$''$ We are interested in solving problems like:
$Ly := (py')'− qy = f$
with boundary conditions
$β_1y(a) + γ_1 y'(a)=0$ , $β_2y(b) + γ_2 y'(b)=0.$
To this end we define the operator $Ly = (py')'− qy$ under the assumption that $λ = 0 $ is not an eigenvalue of $L$ and where $p, p'$ , and $q$ are continuous on $[a, b]$, $p(x) > 0$ on $[a, b]$ and
$|γj| + |βj|\neq0$ for j = 1, 2, in the Hilbert space H = $L^2$(a, b)
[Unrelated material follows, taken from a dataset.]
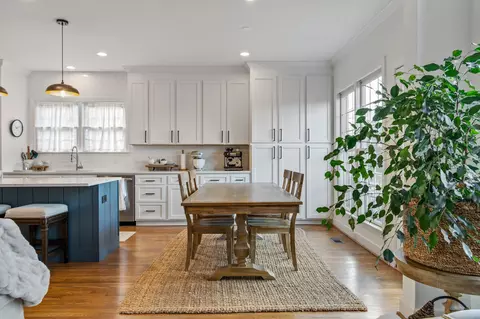 Kitchen - 129 Wise Rd, Franklin, TN 37064 photo 7 of 9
One can prove that the solution of this problem is unique and is given by the following type:
$ y(x)=\int_{b}^a g(x,z)f(z) dz $
where $g(x,z)$ is Green's function for operator $L$. $''$
My question is why the assumption that $λ$ IS NOT an eigenvalue of $L$ is necessary for the theory . What could have happen if $ 0 $ was an eigenvalue? Although it seems simple , I've been stuck to this point... I would appreciate any help.
Thanks in advance!!
The operator $L$ defined on a domain $\mathcal{D}(L)$ of twice continuously differentiable functions satisfying the two endpoint conditions is symmetric in the inner product $L^2[a,b]$ where $(h,k)=\int_{a}^{b}h(t)\overline{k(t)}dt$, which is to say that $$ (Lf,g) = (f,Lg),\;\;\; f,g\in\mathcal{D}(L). $$ Because of this, if $Lu = 0$ for $u\in\mathcal{D}(L)$, then $$ (Lf,u) = (f,Lu) = 0,\;\;\; f\in\mathcal{D}(L). $$ That keeps the range from being full, which means you cannot solve $Lf=g$ for all $g$--it is necessary that $(g,u)=0$. Furthermore, even if you can solve $Lf=g$, then $f$ is not unique because $L(f+\alpha u)=0$ for all scalars $\alpha$. On the other hand, if $\lambda=0$ is not an eigenvalue, then $L$ is invertible as stated using a Green function.